=== DATA FOR THIS TASK ===
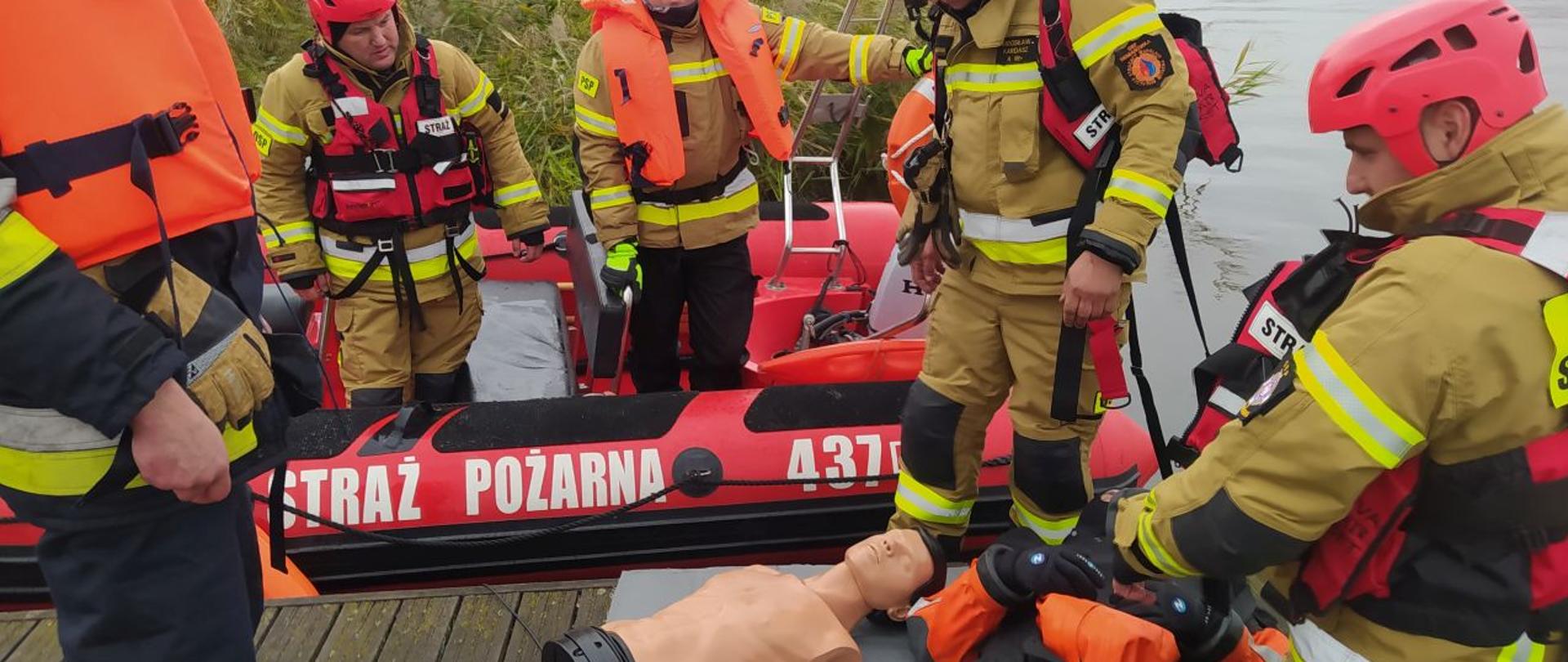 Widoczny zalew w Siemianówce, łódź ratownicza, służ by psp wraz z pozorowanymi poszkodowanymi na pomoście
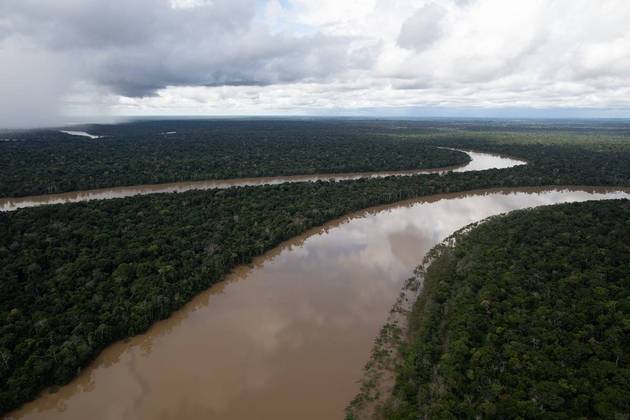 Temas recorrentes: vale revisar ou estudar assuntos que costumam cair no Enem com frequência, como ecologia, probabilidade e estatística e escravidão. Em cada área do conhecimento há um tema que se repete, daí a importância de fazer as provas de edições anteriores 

* * *

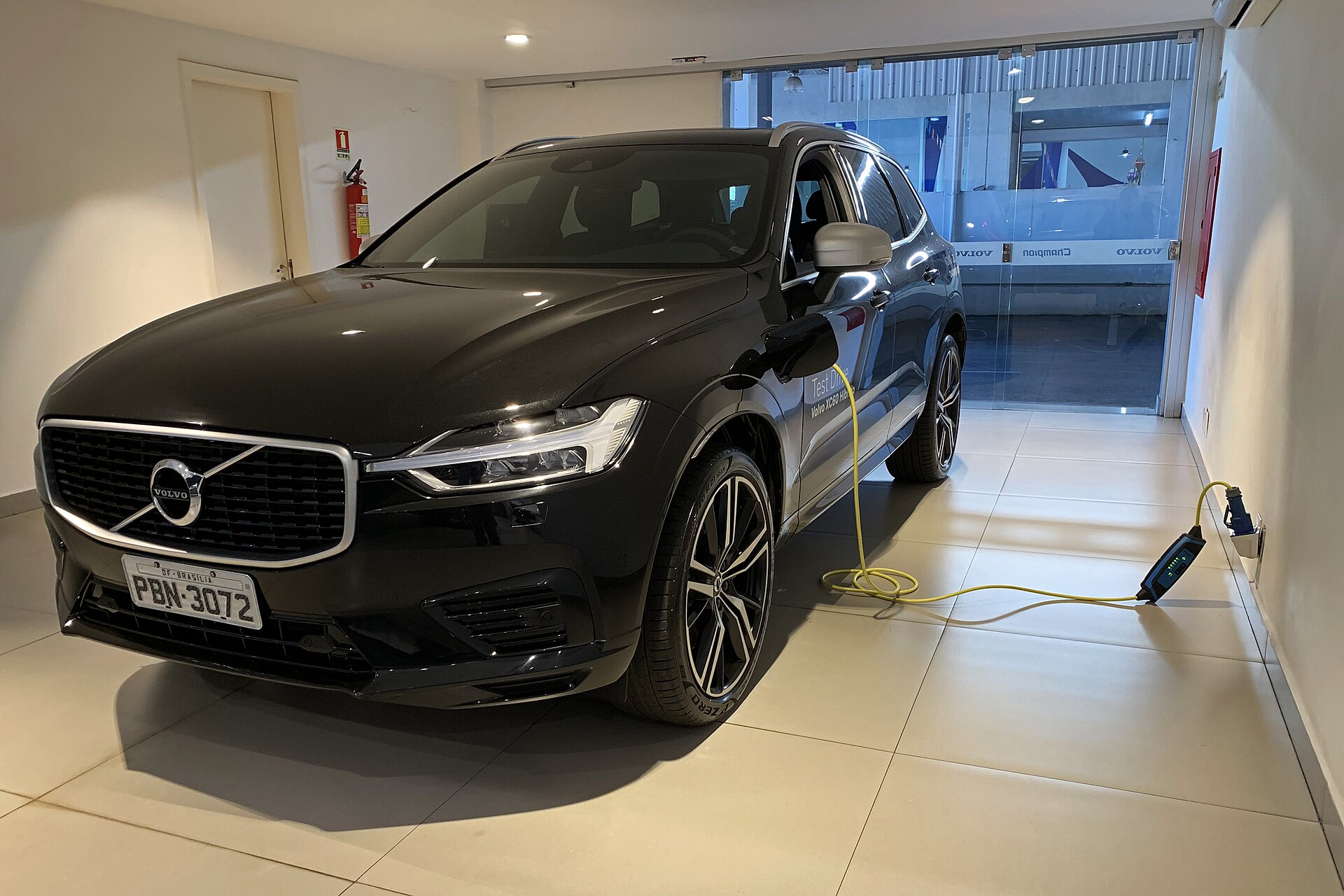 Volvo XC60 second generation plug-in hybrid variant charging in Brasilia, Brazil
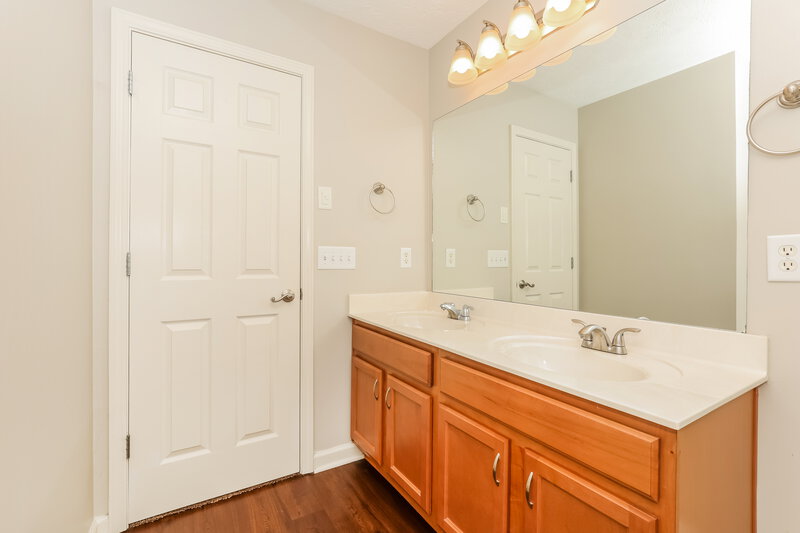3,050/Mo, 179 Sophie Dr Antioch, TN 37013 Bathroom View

* * *

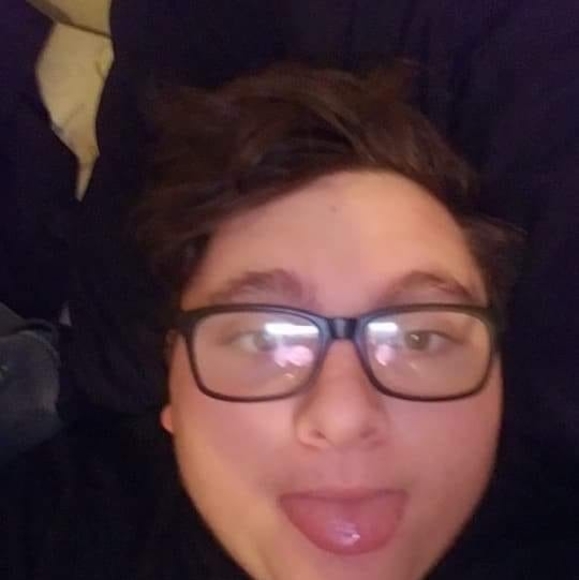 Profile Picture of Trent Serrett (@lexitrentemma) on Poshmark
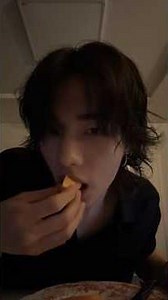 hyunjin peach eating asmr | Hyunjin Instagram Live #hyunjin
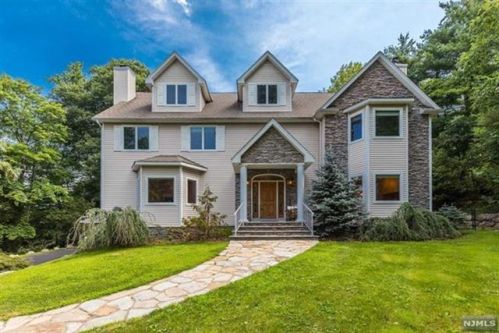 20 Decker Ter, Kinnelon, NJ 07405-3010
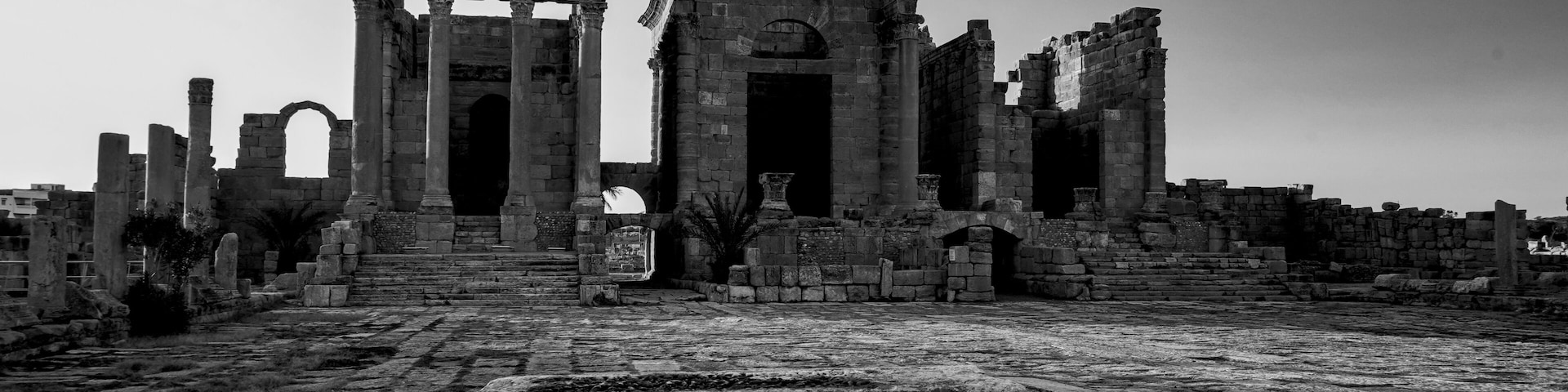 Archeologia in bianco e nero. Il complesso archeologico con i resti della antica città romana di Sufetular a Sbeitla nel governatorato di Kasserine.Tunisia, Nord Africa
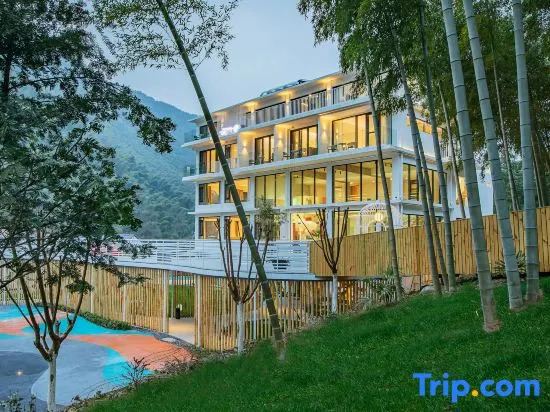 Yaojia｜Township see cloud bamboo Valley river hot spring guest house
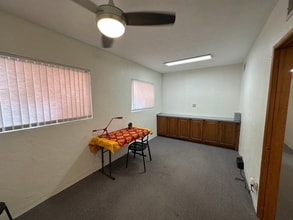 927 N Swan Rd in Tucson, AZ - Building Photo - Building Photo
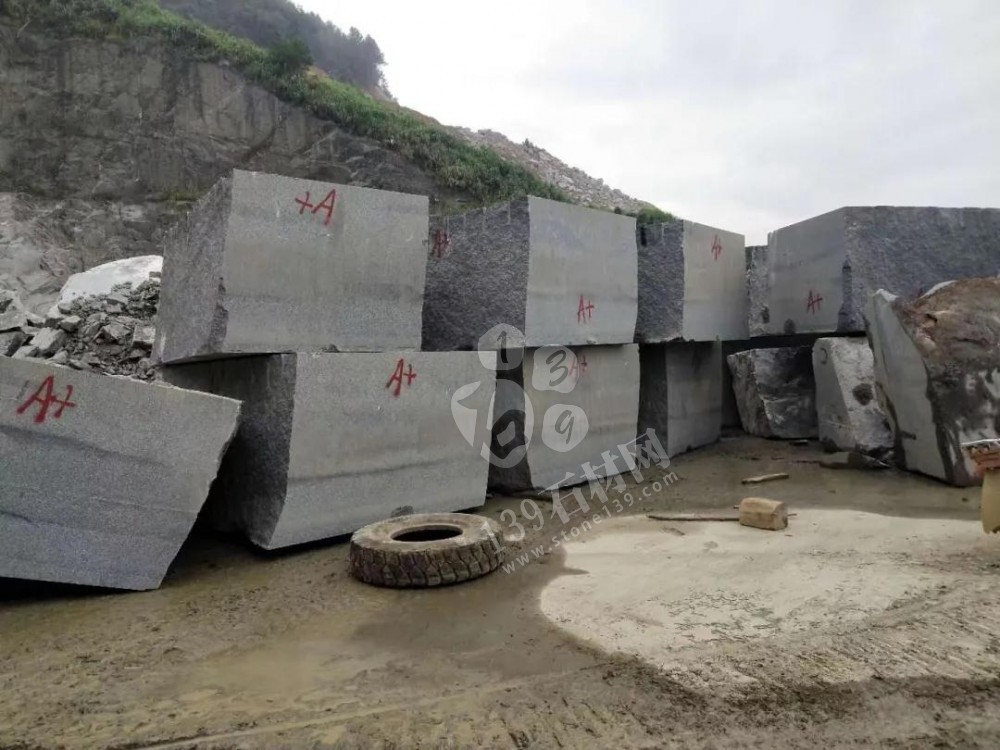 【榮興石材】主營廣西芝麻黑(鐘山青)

=== DESCRIPTION OF THE TASK ===
Set down again, exactly, every line above from the one with "Widoczny zalew w" down to the one with "Temas recorrentes: vale", both ends included. No pictures, and nothing else.

=== WRITTEN ANSWER ===
 Widoczny zalew w Siemianówce, łódź ratownicza, służ by psp wraz z pozorowanymi poszkodowanymi na pomoście
 Temas recorrentes: vale revisar ou estudar assuntos que costumam cair no Enem com frequência, como ecologia, probabilidade e estatística e escravidão. Em cada área do conhecimento há um tema que se repete, daí a importância de fazer as provas de edições anteriores 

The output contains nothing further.